## What the task asks
An exact copy of every record below is needed, with the pictures left out.

## Given records
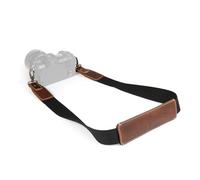 MegaGear Sangle d'Épaule ou de Cou Réglable en Toile et Cuir Véritable avec Coussinet (Brun clair)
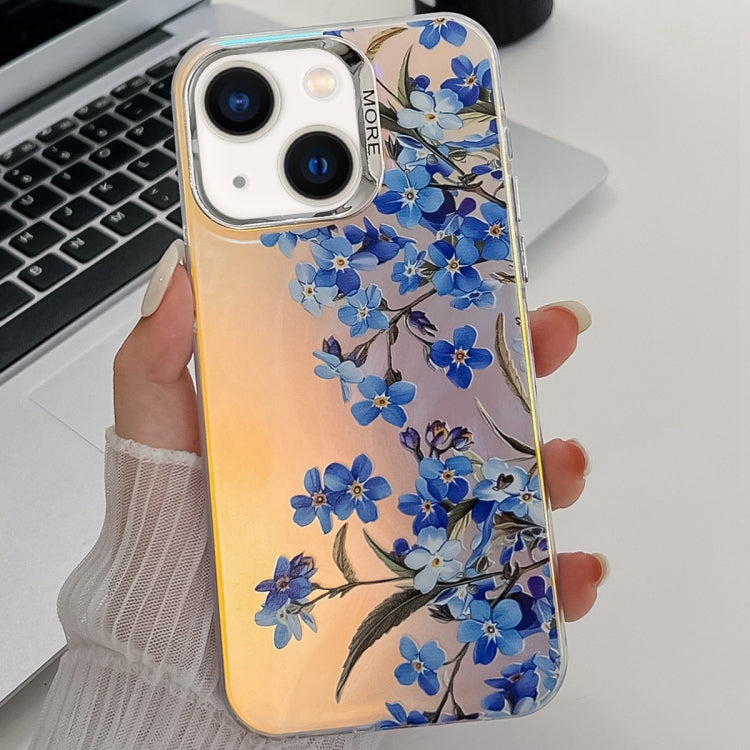 Electroplating Laser Flower Texture TPU Phone Case, For iPhone 13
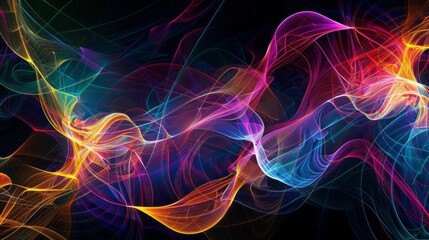 Obraz premium Intricate Digital Abstract Patterns with Interwoven Lines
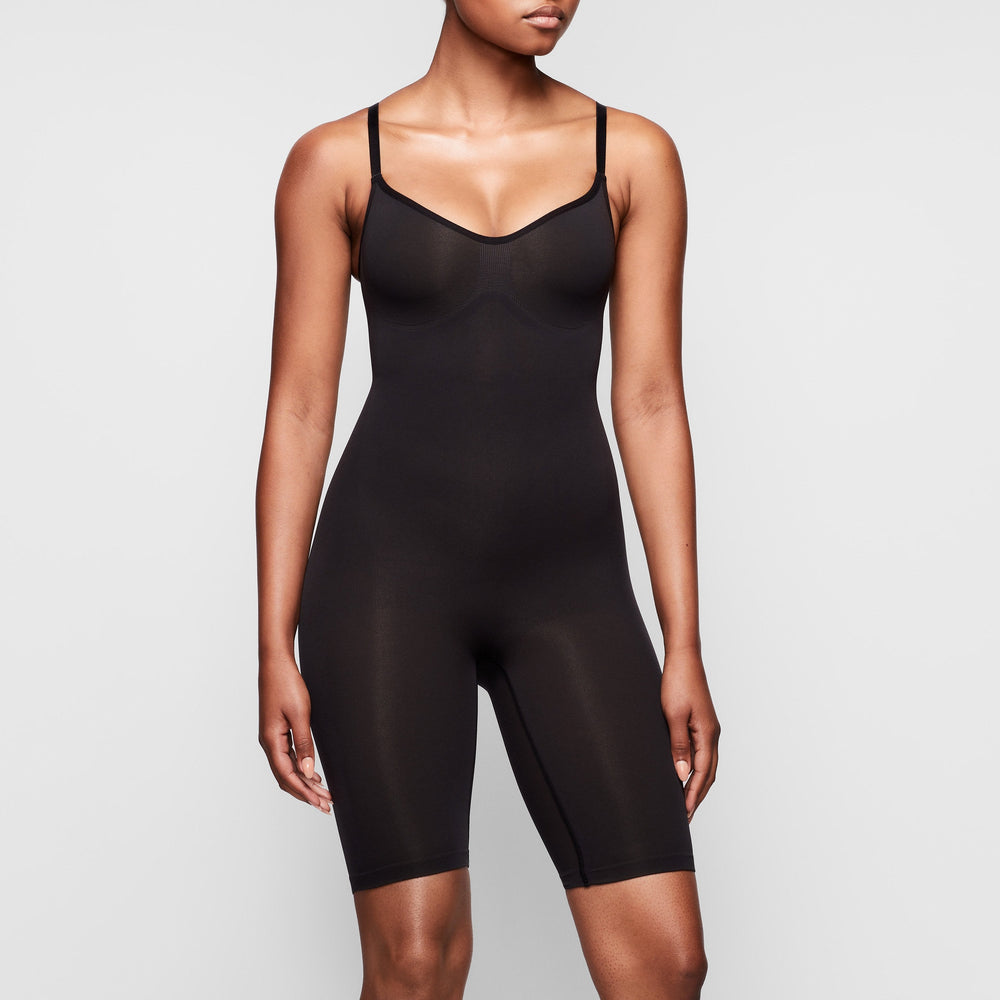Body Skims SCULPTING BODYSUIT MID THIGH W. OPEN GUSSET Noir | 673QBRLPJ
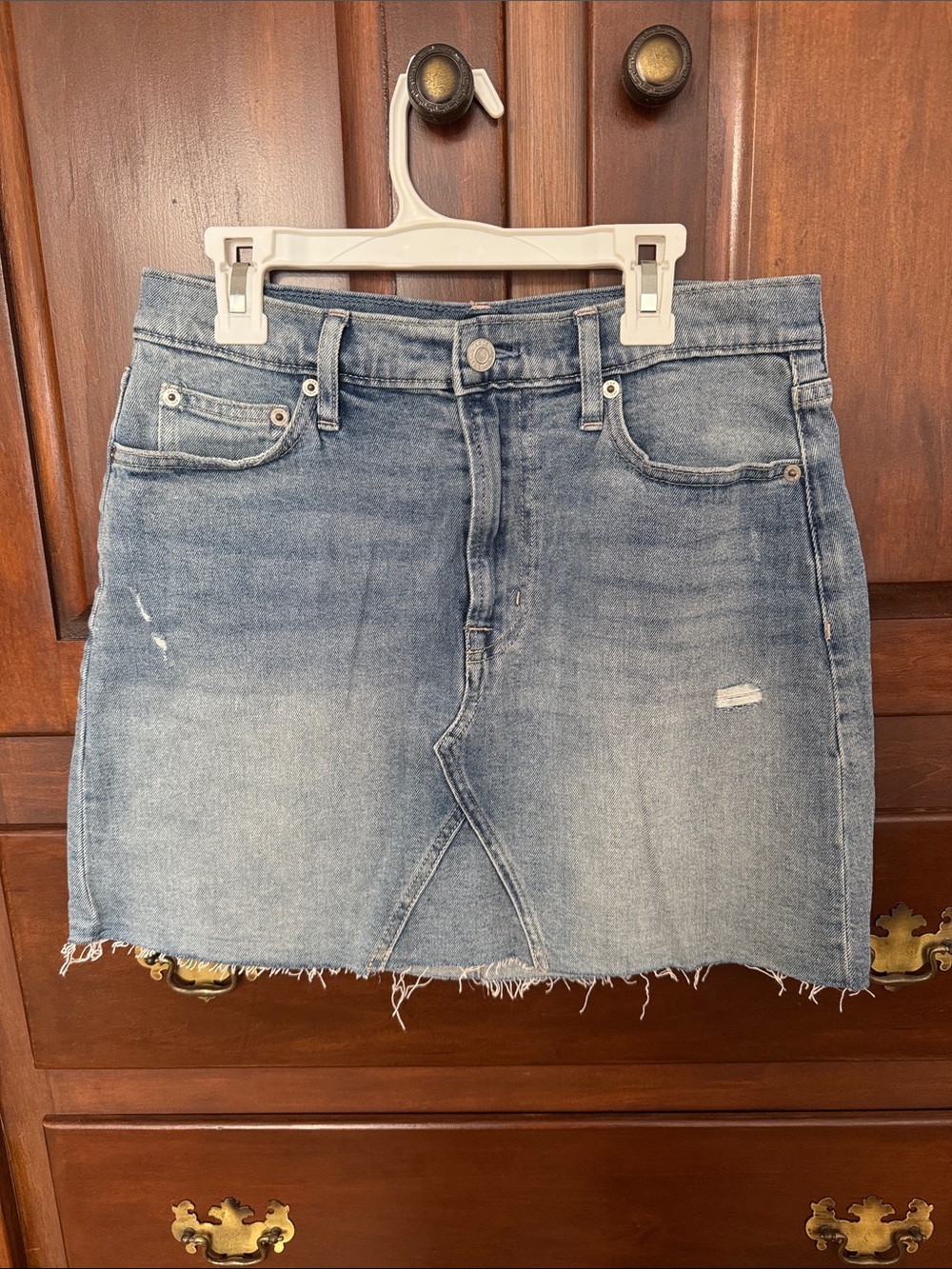 GAP Distressed Light Blue Denim Mini Skirt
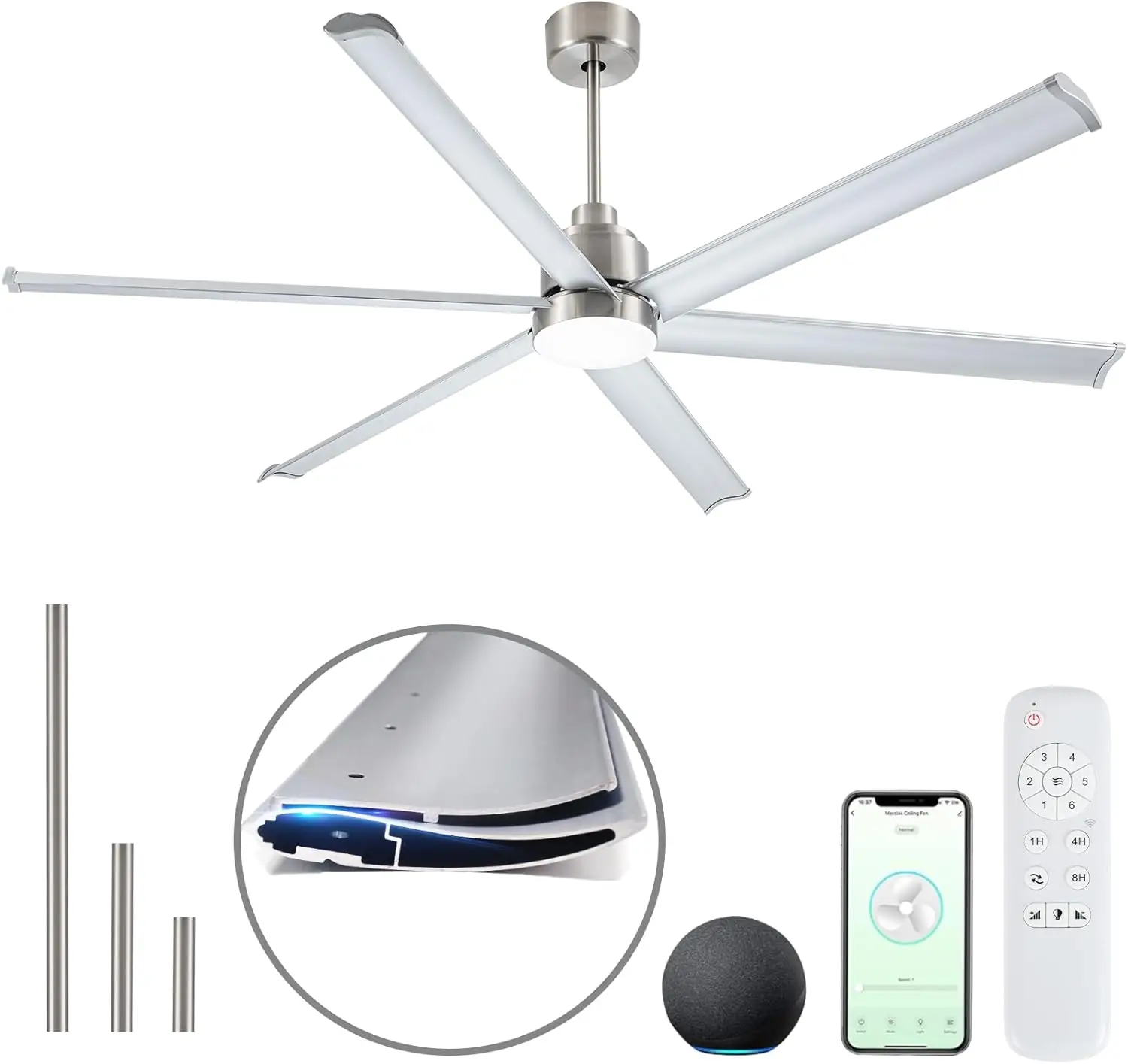 مراوح سقف صناعية ذكية مقاس 84 بوصة مزودة بإضاءة وجهاز تحكم عن بعد، و6 شفرات ألومنيوم مزدوجة الطبقات، ومروحة سقف كبيرة من النيكل المصقول مع 6 سرعات #1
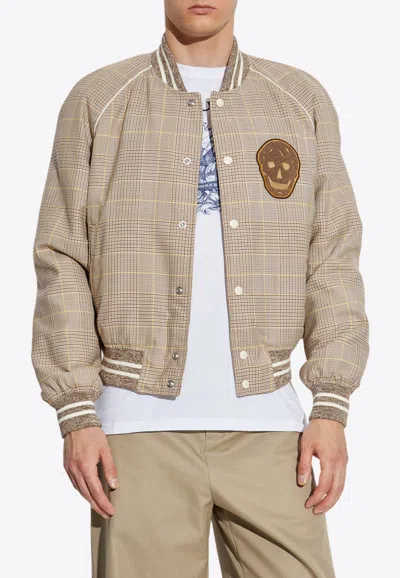 Alexander Mcqueen Bomber Jacket With Check-pattern In Brown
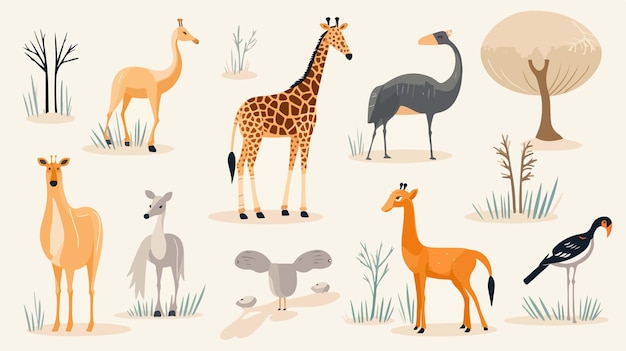 Vector a collection of animals including giraffe giraffe giraffe and giraffe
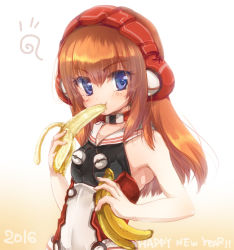 Rule 34 | 1girl, :t, armpit crease, bad id, bad pixiv id, banana, blue eyes, blush, breasts, brown hair, clariskrays, commentary request, dated, eating, food, fruit, hair between eyes, happy new year, hizukiryou, holding, holding food, long hair, looking at viewer, new year, phantasy star, phantasy star online 2, sailor collar, small breasts, solo, upper body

## Exercise result
 MegaGear Sangle d'Épaule ou de Cou Réglable en Toile et Cuir Véritable avec Coussinet (Brun clair)
 Electroplating Laser Flower Texture TPU Phone Case, For iPhone 13
 Obraz premium Intricate Digital Abstract Patterns with Interwoven Lines
Body Skims SCULPTING BODYSUIT MID THIGH W. OPEN GUSSET Noir | 673QBRLPJ
 GAP Distressed Light Blue Denim Mini Skirt
 مراوح سقف صناعية ذكية مقاس 84 بوصة مزودة بإضاءة وجهاز تحكم عن بعد، و6 شفرات ألومنيوم مزدوجة الطبقات، ومروحة سقف كبيرة من النيكل المصقول مع 6 سرعات #1
 Alexander Mcqueen Bomber Jacket With Check-pattern In Brown
 Vector a collection of animals including giraffe giraffe giraffe and giraffe
 Rule 34 | 1girl, :t, armpit crease, bad id, bad pixiv id, banana, blue eyes, blush, breasts, brown hair, clariskrays, commentary request, dated, eating, food, fruit, hair between eyes, happy new year, hizukiryou, holding, holding food, long hair, looking at viewer, new year, phantasy star, phantasy star online 2, sailor collar, small breasts, solo, upper body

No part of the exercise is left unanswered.